Scraped caption text data

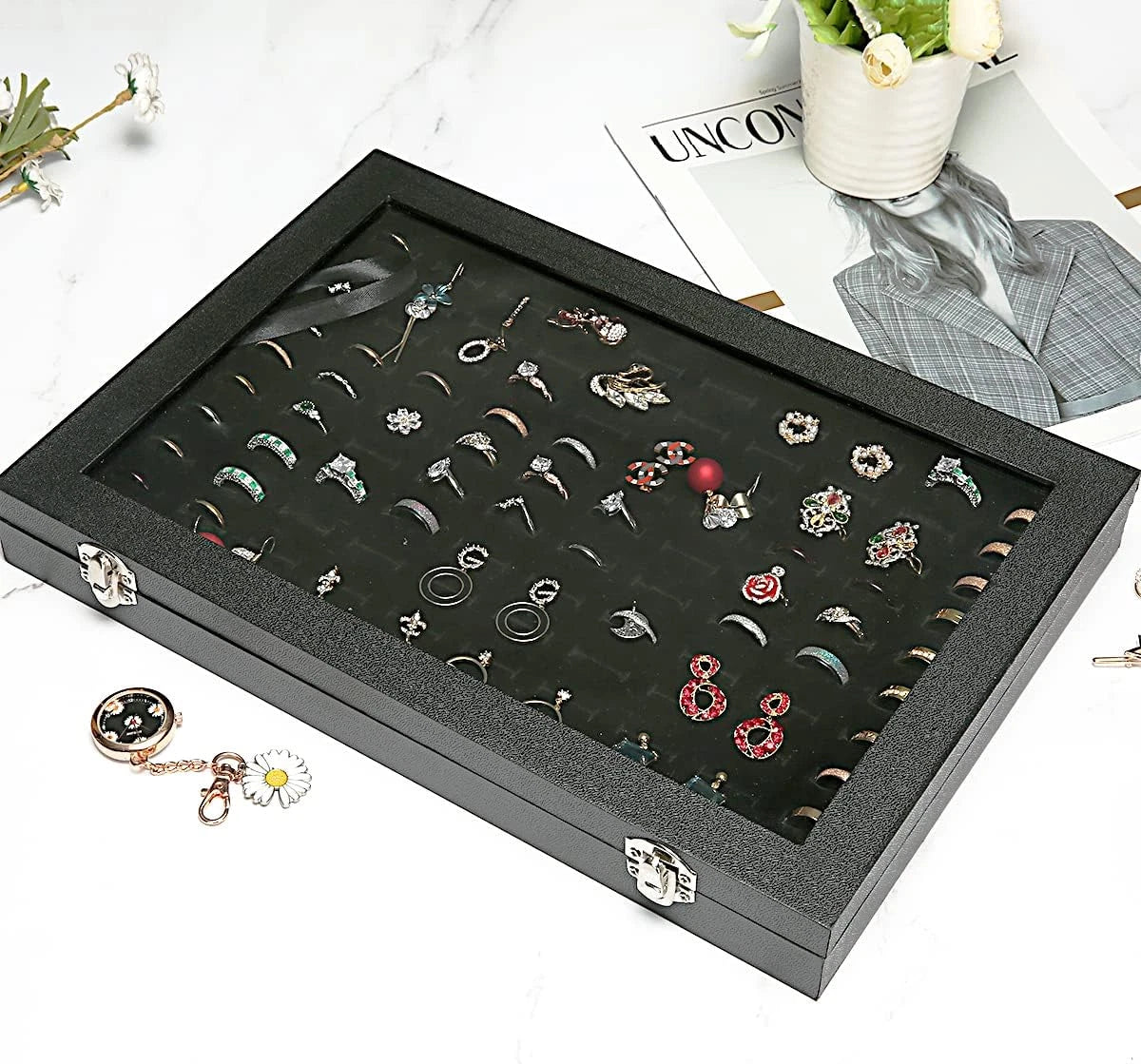100 Slots Ring Display Case with Transparent Lid - Jewelry Storage Box & Organiz | eBay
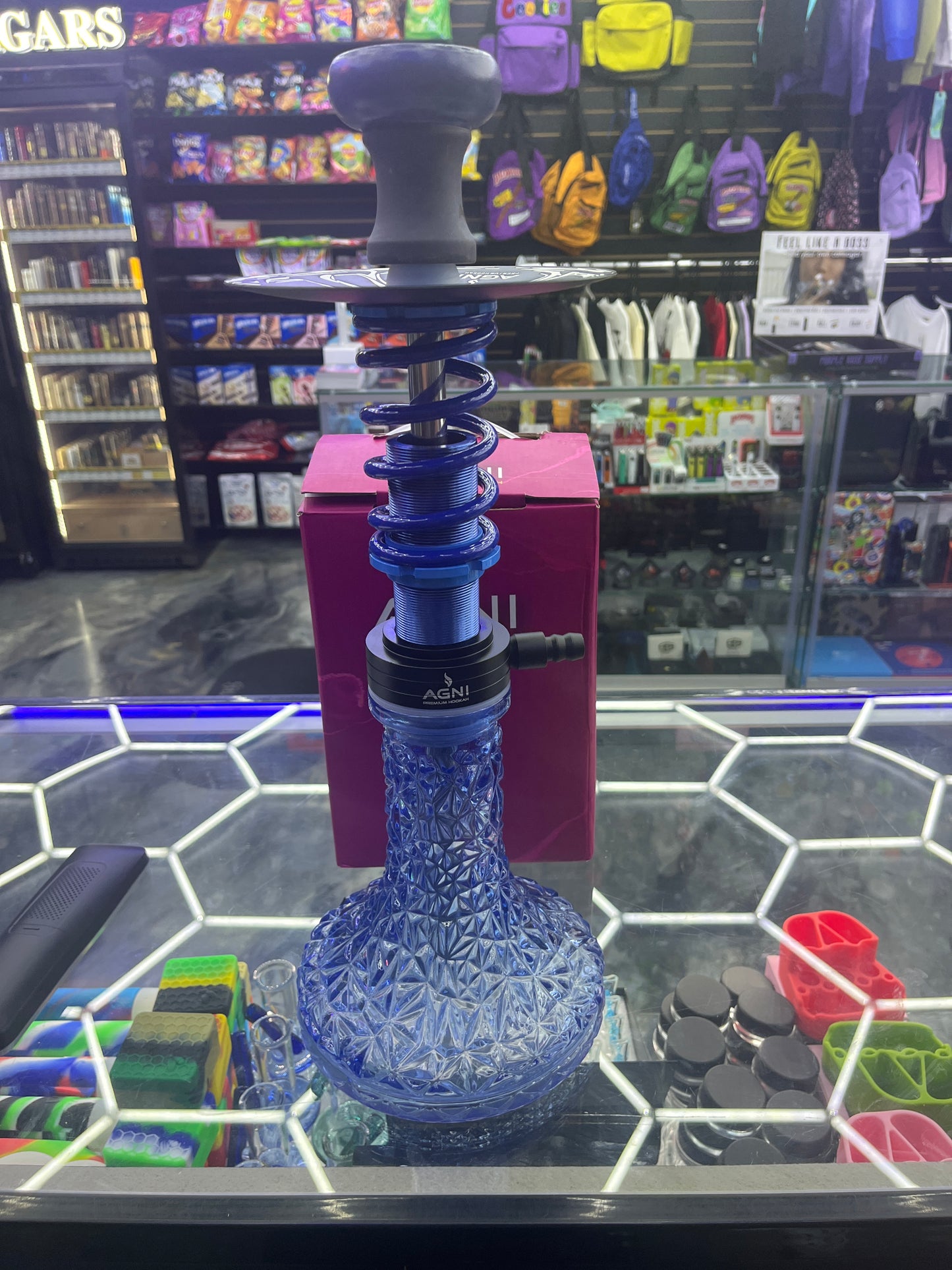 Agni premium hookah blue f1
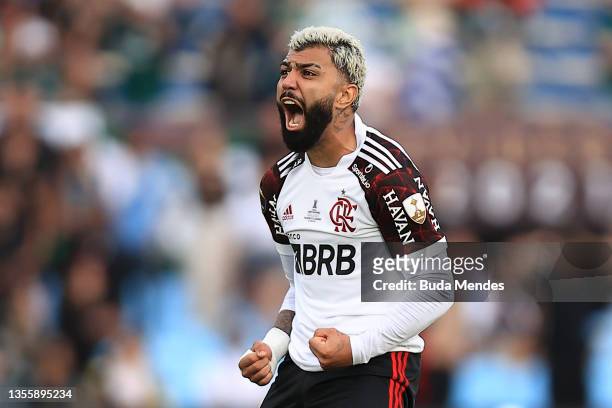 Gabriel Barbosa of Flamengo celebrates after scoring the opening goal of his team during the final match of Copa CONMEBOL Libertadores 2021 between...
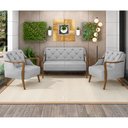 Ver imagem 2 de Kit Namoradeira 135cm e 2 Poltronas Decorativas Capitonê Lapa M22 Veludo Cinza - Mpozenato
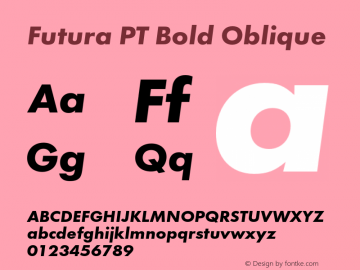 Futura PT Bold Oblique Version 1.007图片样张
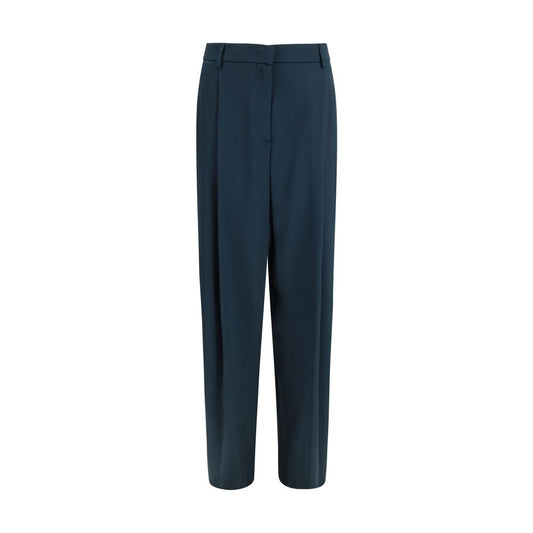 Blue Silk Casual Pants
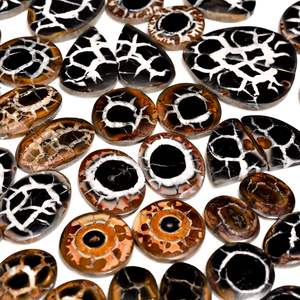 Gran oferta, par septariano negro, venta al por mayor, piedras preciosas de cuarzo Natural, par de cabujones septarianos negros sueltos para la fabricación de joyas - Product Image 4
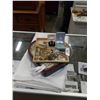 Image 1 : HEART JEWELRY BOX AND TRAY OF RHINESTONE JEWELRY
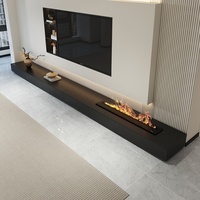Mueble de TV Moderno y Minimalista Santopova con Luz LED y Chimenea, Centro de Entretenimiento de Lujo para Sala de Estar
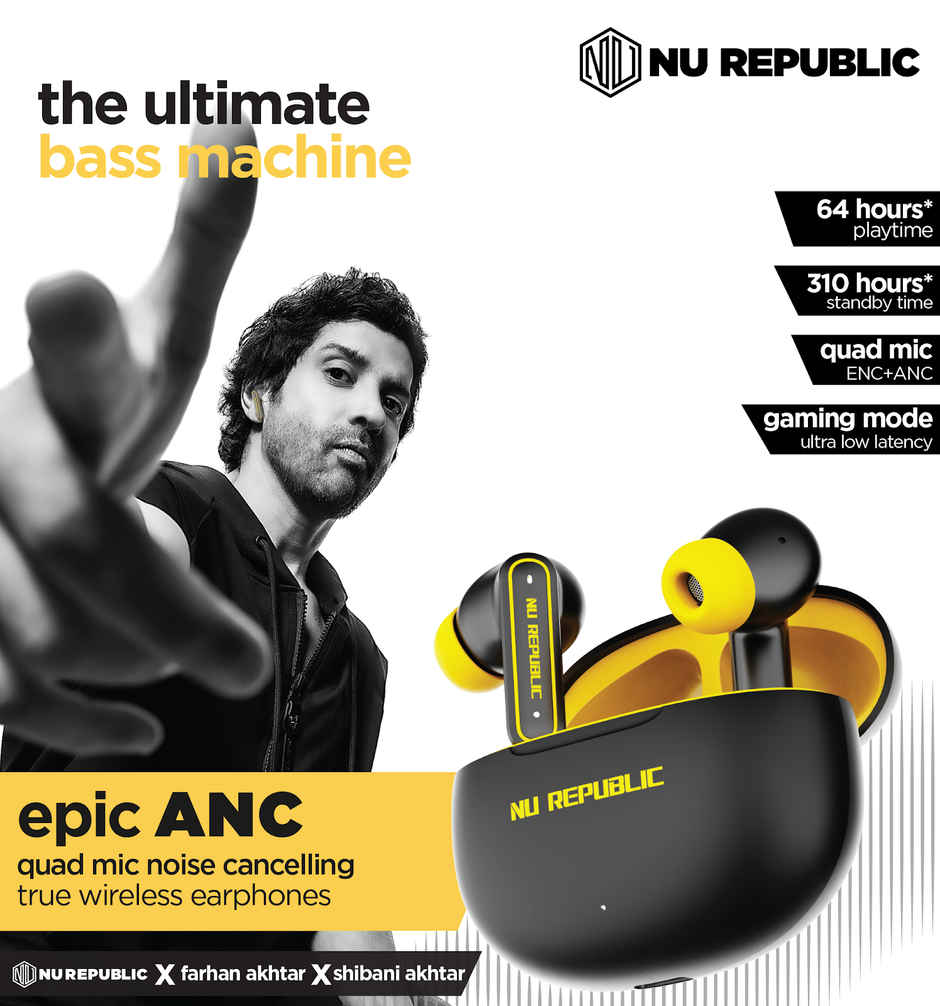Nu Republic Epic ANC TWS Earbuds (Black/Yellow)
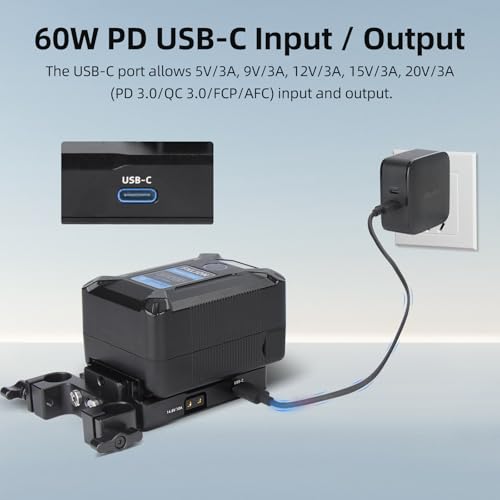 Placa de Batería V Mount para Grabación en Exteriores Nitze N21-D8B con USB-C 3
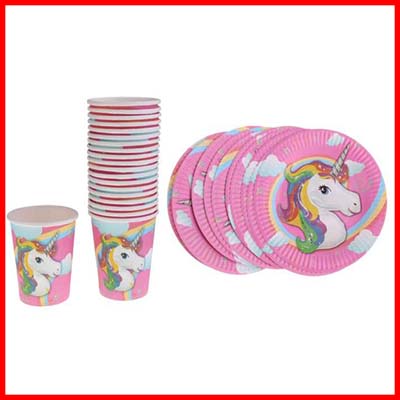 Dolity 20pcs Unicorn Paper Cups Cake Plates Birthday Party Serveware Table Decor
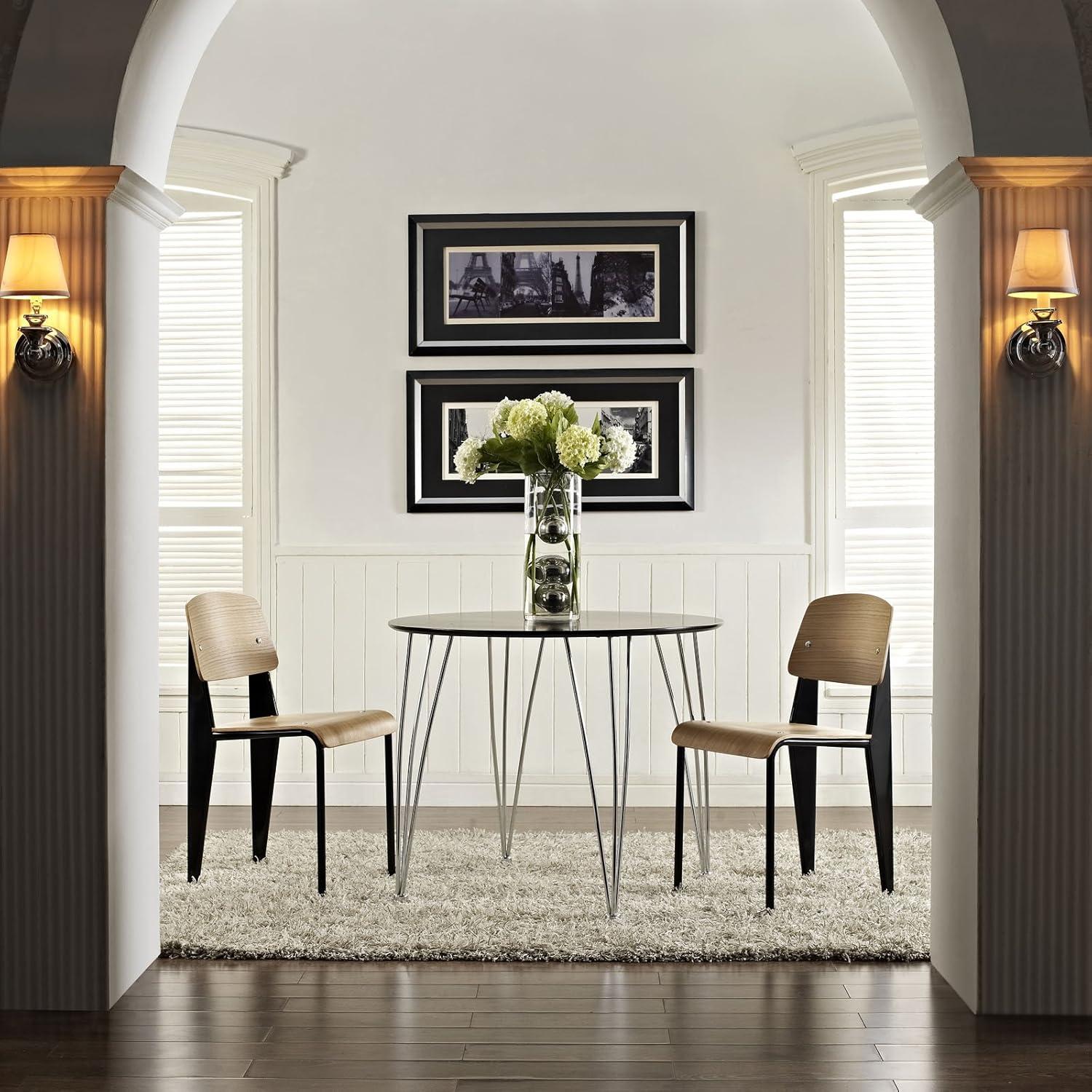 Modway Cabin 18.5" Modern Steel and Wood Dining Side Chair in Natural/Black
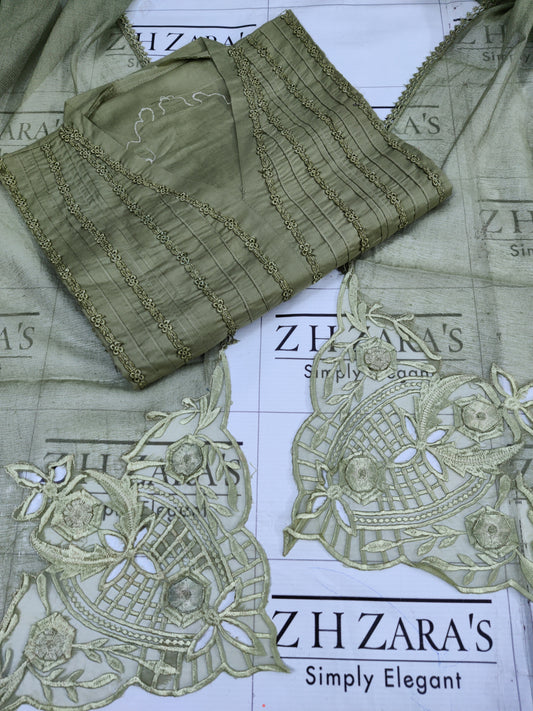 Olive Green 3d Cutwork Daman 3pc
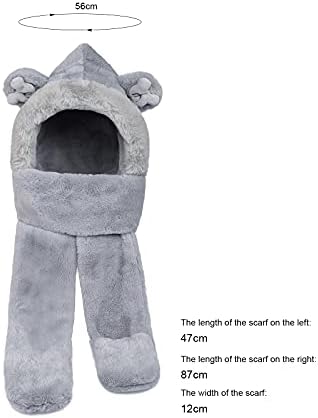 Kids Winter Hat Scarf Mittens 3 in 1 Hat Faux Fur Hat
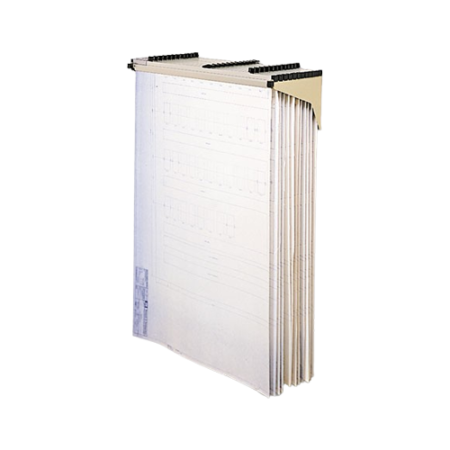 Sheet File Drop/Lift Wall Rack, 12 Hanging Clamps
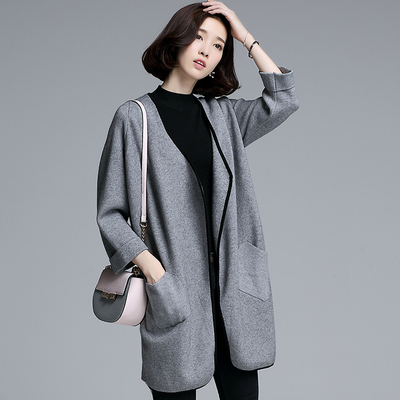 2016韩国秋冬女士大衣针织衫外套大码中长款毛衣大牌开衫黑灰显瘦
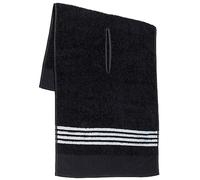 The Tour Towel | Large Golf Caddy Towel Terry Cloth, Absorbent 19" x 44", Center Cut, Perfect Hang Golf Cart Accessory and Golf Bag, Black with White Stripes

**EXERCISE AIM**
Can you retype every record above exactly, leaving out the pictures?

**THE COMPLETED TASK**
100 Slots Ring Display Case with Transparent Lid - Jewelry Storage Box & Organiz | eBay
 Agni premium hookah blue f1
 Gabriel Barbosa of Flamengo celebrates after scoring the opening goal of his team during the final match of Copa CONMEBOL Libertadores 2021 between...
 Ver imagem 2 de Kit Namoradeira 135cm e 2 Poltronas Decorativas Capitonê Lapa M22 Veludo Cinza - Mpozenato
 Futura PT Bold Oblique Version 1.007图片样张
 Blue Silk Casual Pants
 Gran oferta, par septariano negro, venta al por mayor, piedras preciosas de cuarzo Natural, par de cabujones septarianos negros sueltos para la fabricación de joyas - Product Image 4
 Image 1 : HEART JEWELRY BOX AND TRAY OF RHINESTONE JEWELRY
Mueble de TV Moderno y Minimalista Santopova con Luz LED y Chimenea, Centro de Entretenimiento de Lujo para Sala de Estar
Nu Republic Epic ANC TWS Earbuds (Black/Yellow)
 Placa de Batería V Mount para Grabación en Exteriores Nitze N21-D8B con USB-C 3
 Dolity 20pcs Unicorn Paper Cups Cake Plates Birthday Party Serveware Table Decor
 Modway Cabin 18.5" Modern Steel and Wood Dining Side Chair in Natural/Black
 Olive Green 3d Cutwork Daman 3pc
 Kids Winter Hat Scarf Mittens 3 in 1 Hat Faux Fur Hat
 Sheet File Drop/Lift Wall Rack, 12 Hanging Clamps
 2016韩国秋冬女士大衣针织衫外套大码中长款毛衣大牌开衫黑灰显瘦
 The Tour Towel | Large Golf Caddy Towel Terry Cloth, Absorbent 19" x 44", Center Cut, Perfect Hang Golf Cart Accessory and Golf Bag, Black with White Stripes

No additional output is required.